Task to complete
Using the data below, reproduce exactly the lines from the line with "SisterS point bruine" to the line with "Brightest Day 8", both included; pictures must be dropped.

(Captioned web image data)
--- START ---

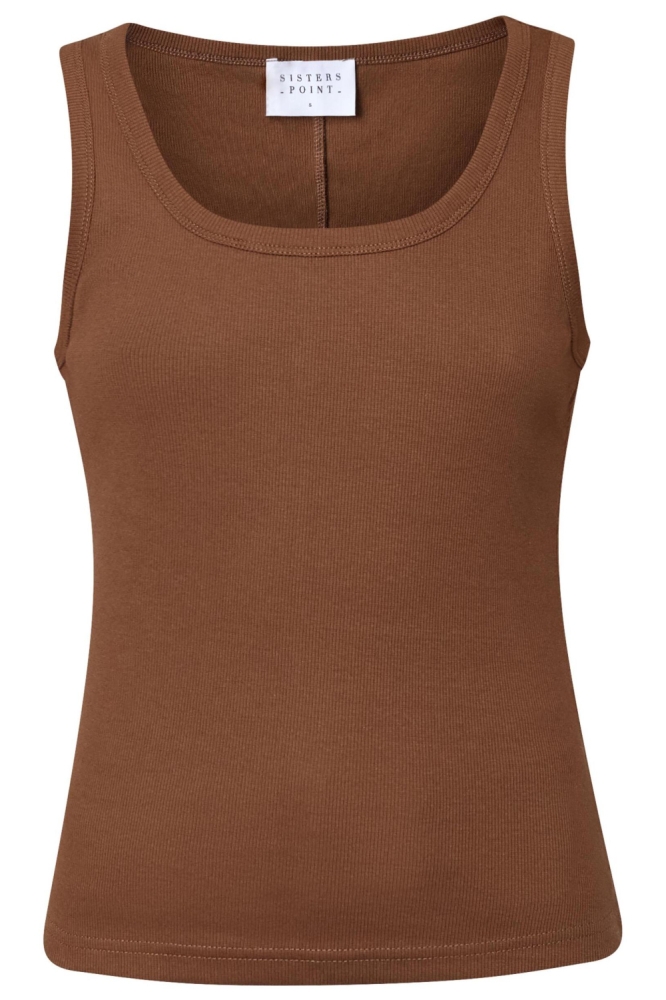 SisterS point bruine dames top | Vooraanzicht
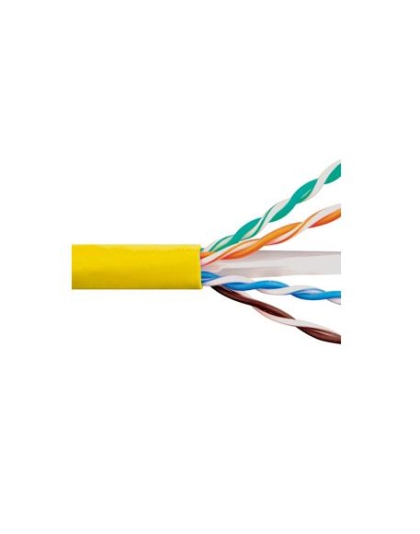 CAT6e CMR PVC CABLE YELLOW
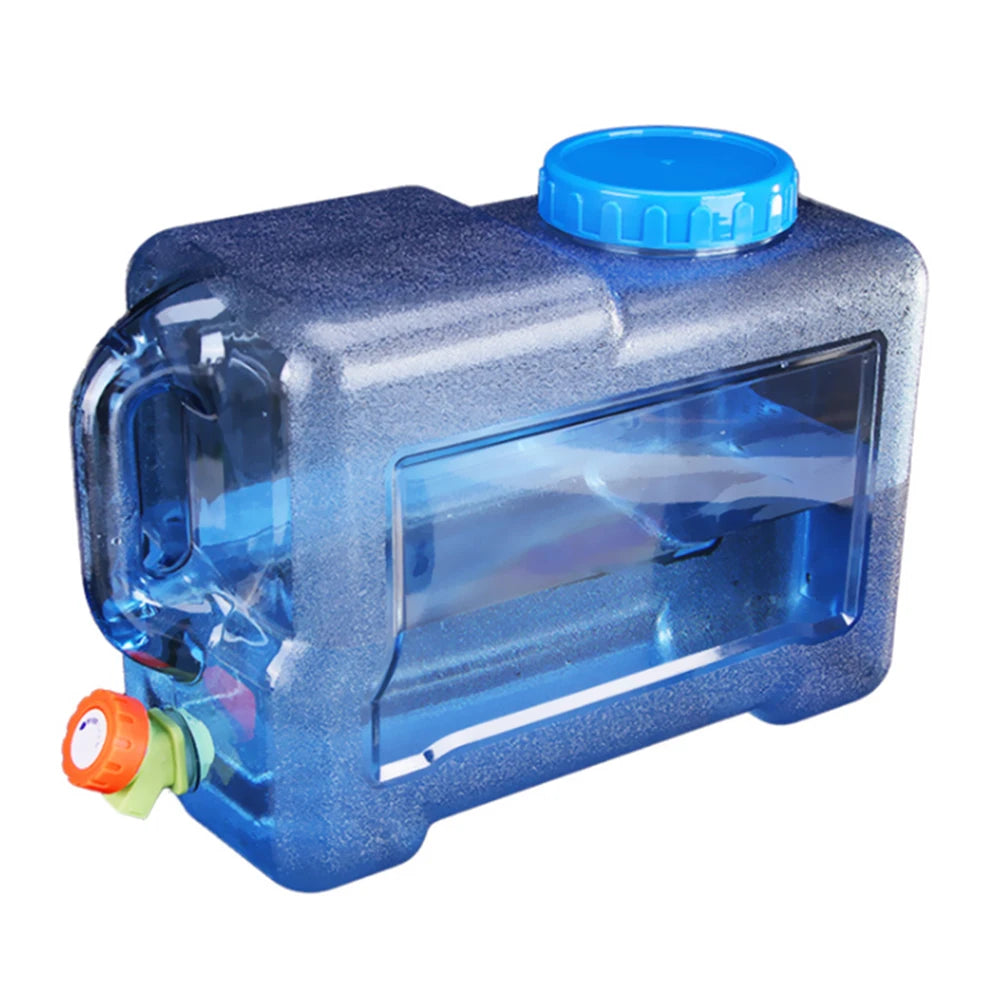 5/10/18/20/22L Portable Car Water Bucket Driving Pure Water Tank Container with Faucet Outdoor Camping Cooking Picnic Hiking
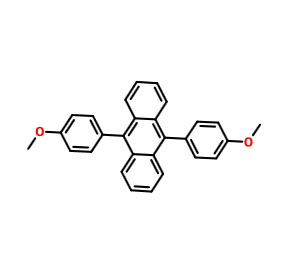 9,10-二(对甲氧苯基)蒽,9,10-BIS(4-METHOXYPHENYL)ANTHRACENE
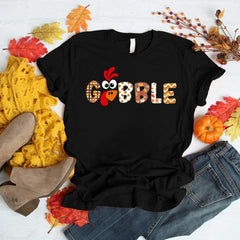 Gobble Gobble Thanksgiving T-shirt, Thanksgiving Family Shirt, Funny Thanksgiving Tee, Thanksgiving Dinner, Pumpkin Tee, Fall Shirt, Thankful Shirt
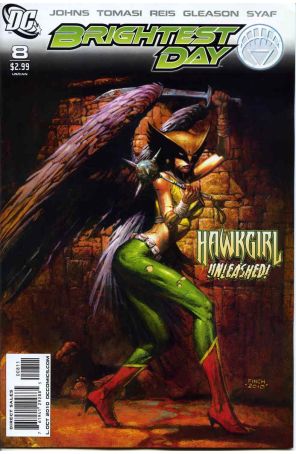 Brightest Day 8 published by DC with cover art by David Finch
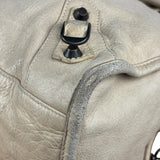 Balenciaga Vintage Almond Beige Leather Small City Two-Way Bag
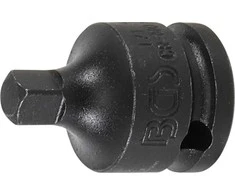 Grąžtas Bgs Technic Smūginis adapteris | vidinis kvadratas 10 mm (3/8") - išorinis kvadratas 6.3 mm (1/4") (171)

--- END ---
--- START ---

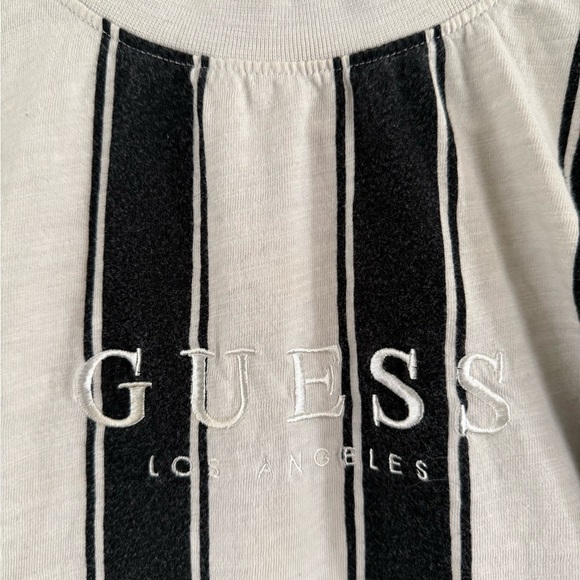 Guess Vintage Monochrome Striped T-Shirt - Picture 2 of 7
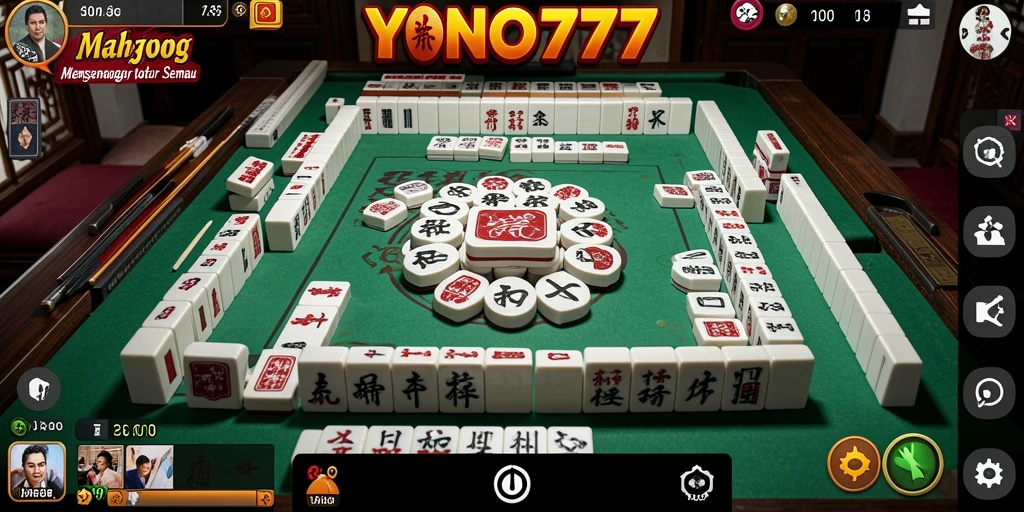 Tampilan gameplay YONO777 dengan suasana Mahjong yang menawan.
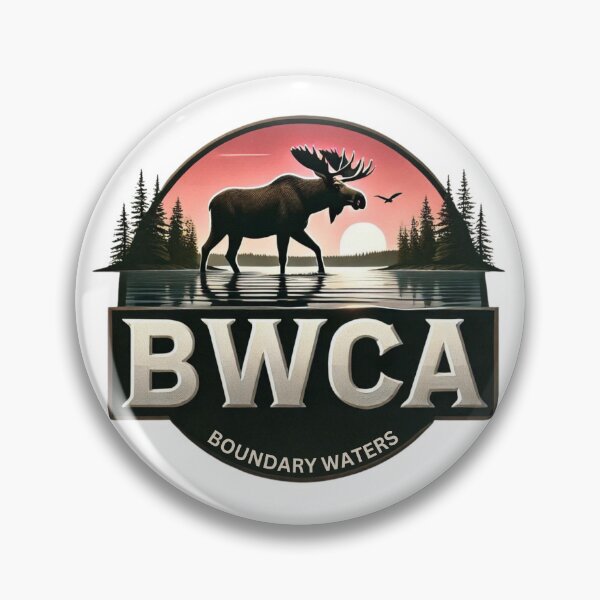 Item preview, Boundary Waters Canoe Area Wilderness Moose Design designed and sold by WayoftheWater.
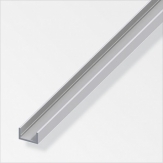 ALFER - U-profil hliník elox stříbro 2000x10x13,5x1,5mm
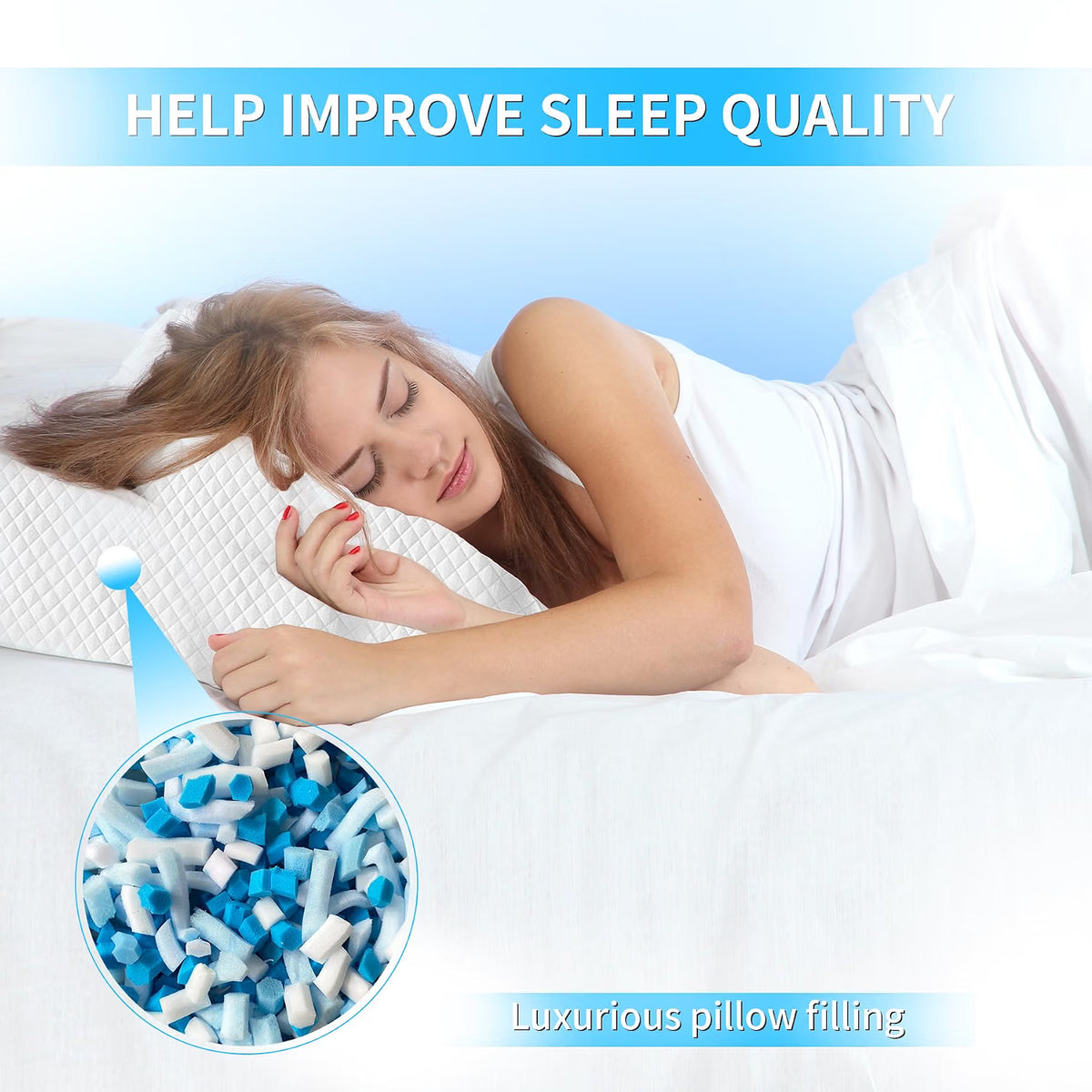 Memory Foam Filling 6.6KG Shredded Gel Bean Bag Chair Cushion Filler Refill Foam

--- END ---

Answer
 SisterS point bruine dames top | Vooraanzicht
 CAT6e CMR PVC CABLE YELLOW
 5/10/18/20/22L Portable Car Water Bucket Driving Pure Water Tank Container with Faucet Outdoor Camping Cooking Picnic Hiking
 9,10-二(对甲氧苯基)蒽,9,10-BIS(4-METHOXYPHENYL)ANTHRACENE
 Gobble Gobble Thanksgiving T-shirt, Thanksgiving Family Shirt, Funny Thanksgiving Tee, Thanksgiving Dinner, Pumpkin Tee, Fall Shirt, Thankful Shirt
 Brightest Day 8 published by DC with cover art by David Finch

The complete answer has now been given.